Example: ARIA Attributes

<div role="progressbar"
aria-valuenow="${x => x.value}"
aria-valuemin="${x => x.min}"
aria-valuemax="${x => x.max}">
</div>

Example: Boolean Attributes

<button type="submit" ?disabled="${x => !x.enabled}">Submit</button>

Properties

Properties can also be set directly on an HTML element. To do so, prepend the property name with : to indicate a property binding. The template engine will then use your expression to assign the element's property value.

Example: Basic Property Values

<my-element :myCustomProperty="${x => x.mySpecialData}">
...
</my-element>

Example: Inner HTML

<div :innerHTML="${x => x.someDangerousHTMLContent}"></div>
warning

Avoid scenarios that require you to directly set HTML, especially when the content is coming from an external source. If you must do this, you should always sanitize the HTML.

The best way to accomplish HTML sanitization is to configure a trusted types policy with FASTElement's template engine. FASTElement ensures that all HTML strings pass through the configured policy. Also, by leveraging the platform's trusted types capabilities, you get native enforcement of the policy through CSP headers. Here's an example of how to configure a custom policy to sanitize HTML:

import { DOM } from '@microsoft/fast-element';
const myPolicy = trustedTypes.createPolicy('my-policy', {
createHTML(html) {
// TODO: invoke a sanitization library on the html before returning it
return html;
}
});
DOM.setHTMLPolicy(myPolicy);

For security reasons, the HTML Policy can only be set once. For this reason, it should be set by application developers and not by component authors, and it should be done immediately during the startup sequence of the application.

Events

Besides rendering content, attributes, and properties, you'll often want to add event listeners and execute code when events fire. To do that, prepend the event name with @ and provide the expression to be called when that event fires. Within an event binding, you also have access to a special context argument from which you can access the event object.

Example: Basic Events

<button @click="${x => x.remove()}">Remove</button>

Example: Accessing Event Details

<input type="text"
:value="${x => x.description}"
@input="${(x, c) => x.handleDescriptionChange(c.event)}">
important

In both examples above, after your event handler is executed, preventDefault() will be called on the event object by default. You can return true from your handler to opt-out of this behavior.

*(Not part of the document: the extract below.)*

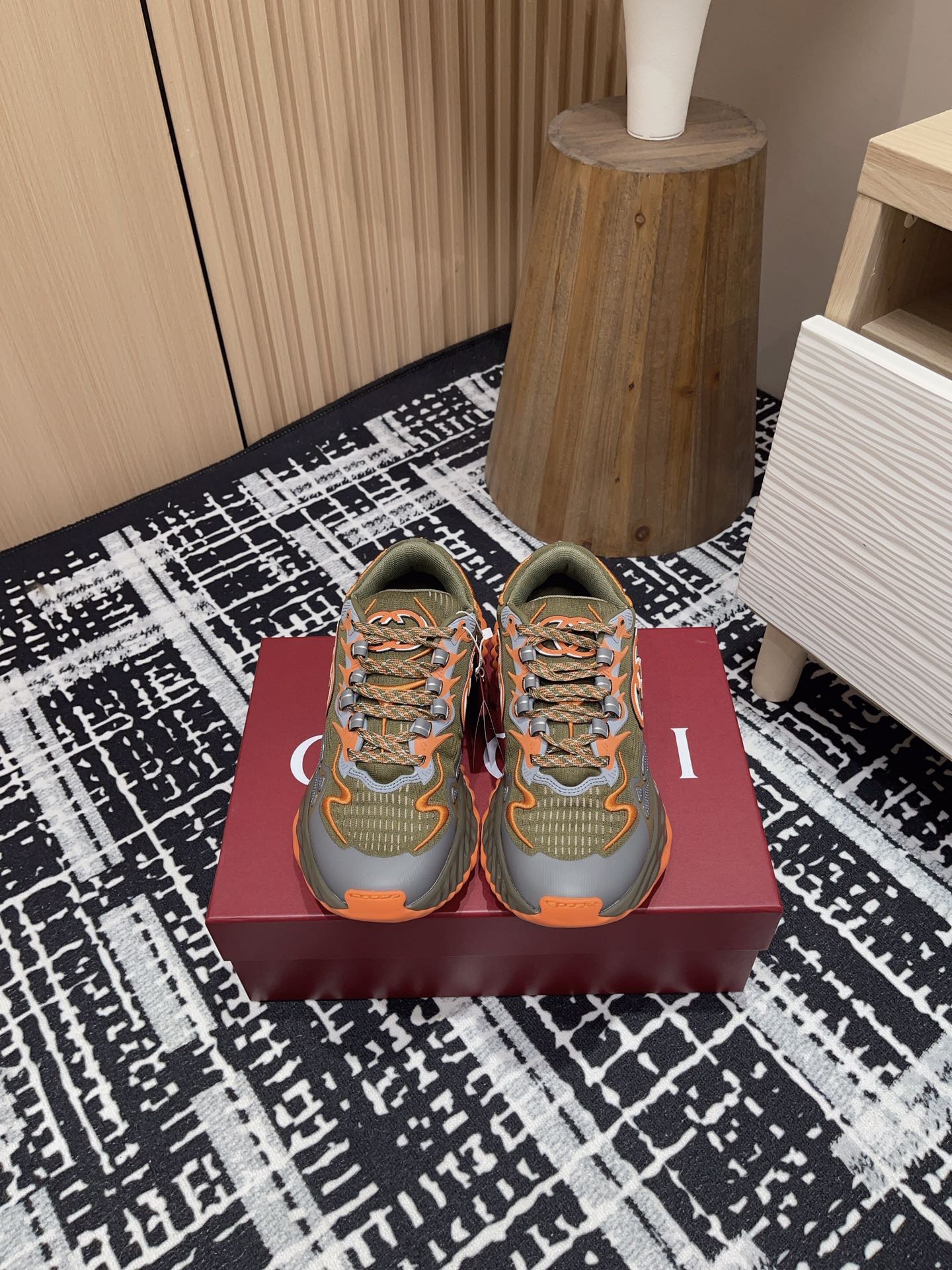 Gucci Ripple Sneakers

The second example demonstrates an important characteristic of the templating engine: it only supports unidirectional data flow (model => view). It does not support two-way data binding (model <=> view). As shown above, pushing data from the view back to the model should be handled with explicit events that call into your model's API.

Templating and the element lifecycle

It is during the connectedCallback phase of the Custom Element lifecycle that FASTElement creates templates and binds the resulting view. The creation of the template only occurs the first time the element is connected, while binding happens every time the element is connected (with unbinding happening during the disconnectedCallback for symmetry).

note

In the future we're planning new optimizations that will enable us to safely determine when we do not need to unbind/rebind certain views.

In most cases, the template that FASTElement renders is determined by the template property of the Custom Element's configuration. However, you can also implement a method on your Custom Element class named resolveTemplate() that returns a template instance. If this method is present, it will be called during connectedCallback to obtain the template to use. This allows the element author to dynamically select completely different templates based on the state of the element at the time of connection.

In addition to dynamic template selection during the connectedCallback, the $fastController property of FASTElement enables dynamically changing the template at any time though setting the controller's template property to any valid template.